# TASK GOAL
A verbatim transcript of the data that follows, free of images, is the expected result.

# INPUT DATA

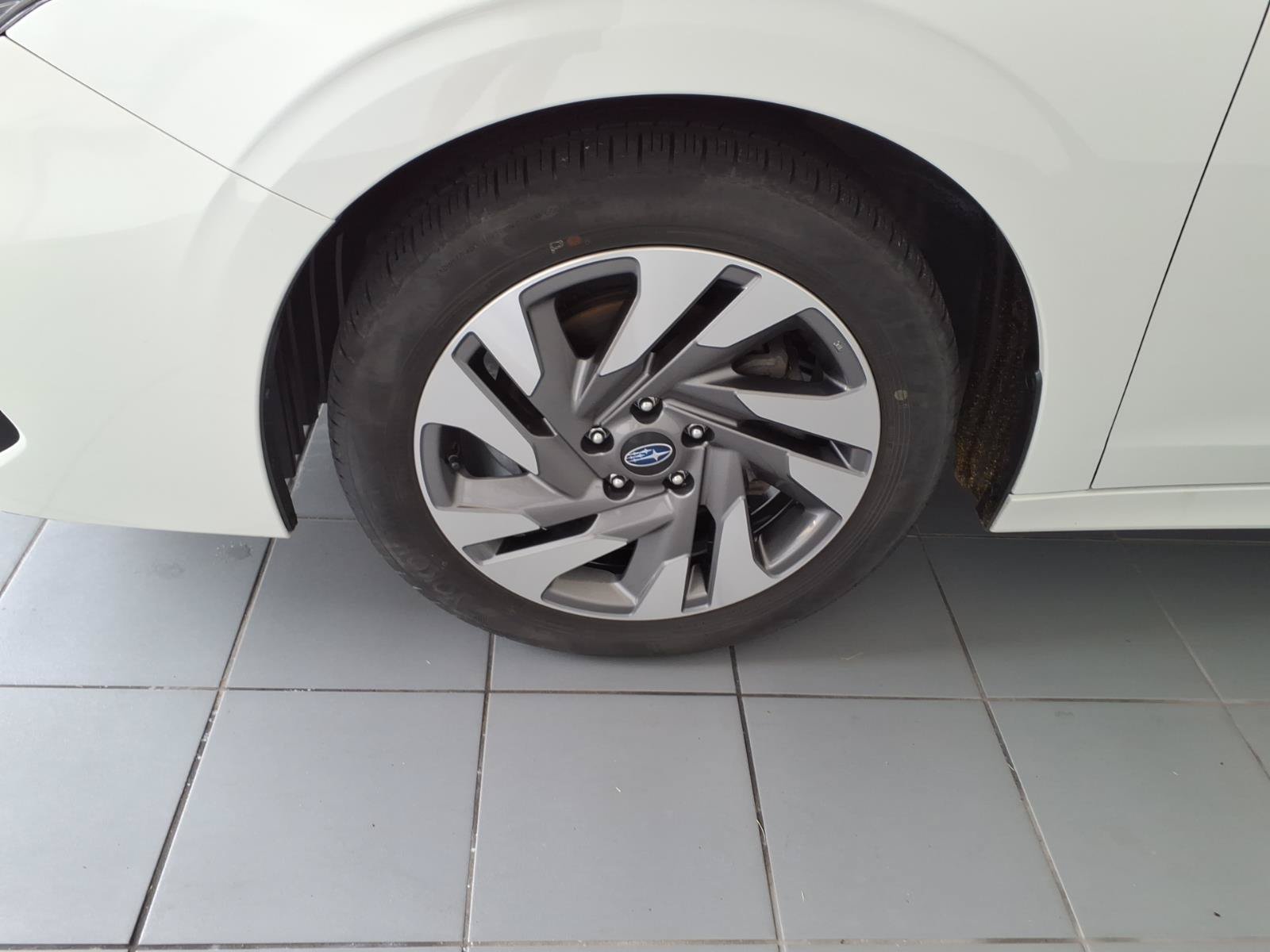 Used 2025 Subaru Legacy Limited AWD/4WD image 9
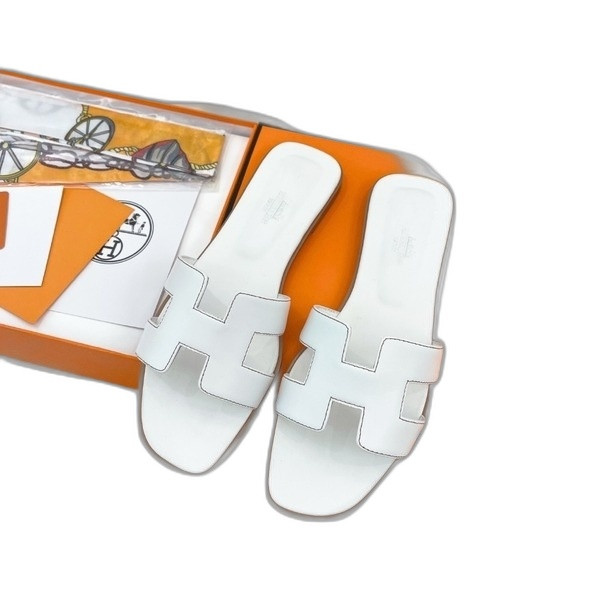 [ Hermes ] 에르메스 오란 샌들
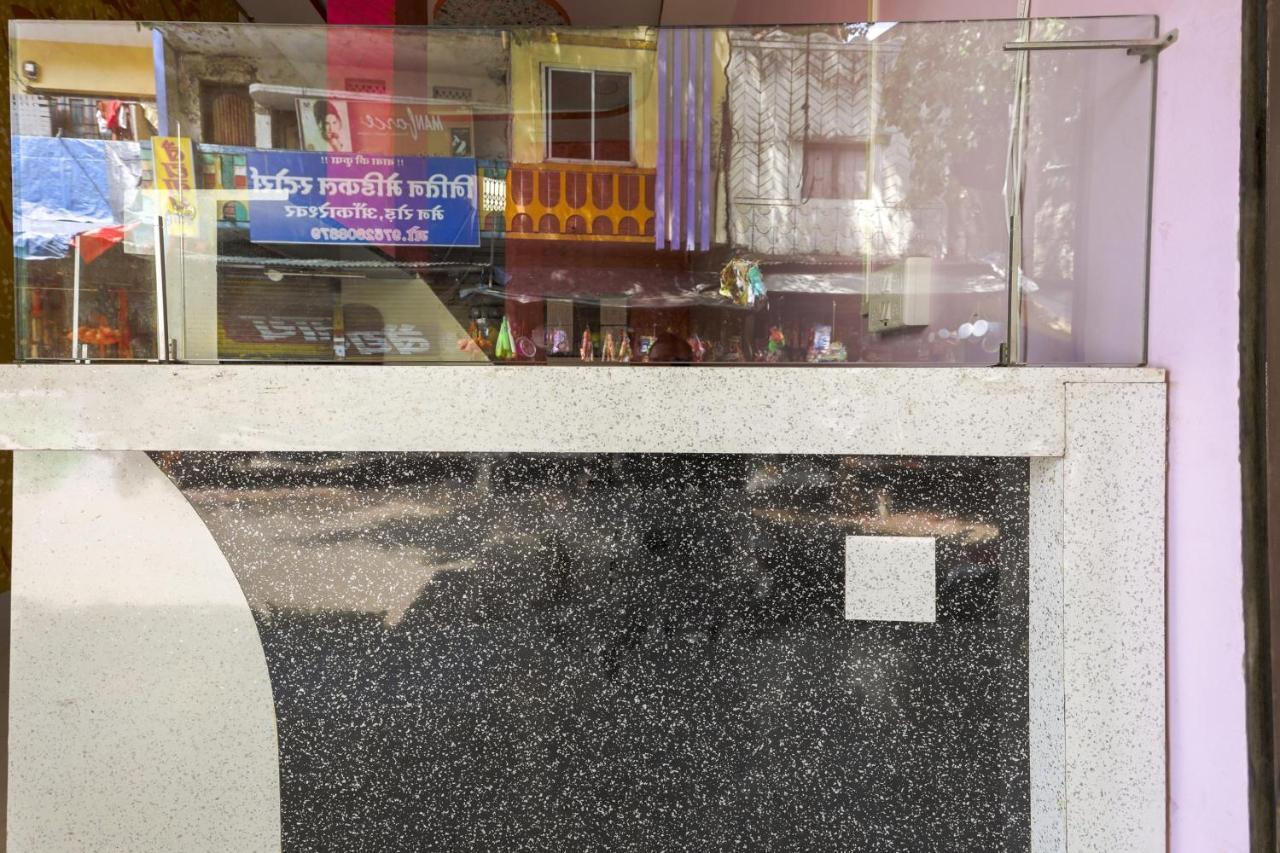 Oyo 45752 Hotel Sb Palace Godarpura ภายนอก รูปภาพ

# EXERCISE RESPONSE
 Used 2025 Subaru Legacy Limited AWD/4WD image 9
 [ Hermes ] 에르메스 오란 샌들
 Oyo 45752 Hotel Sb Palace Godarpura ภายนอก รูปภาพ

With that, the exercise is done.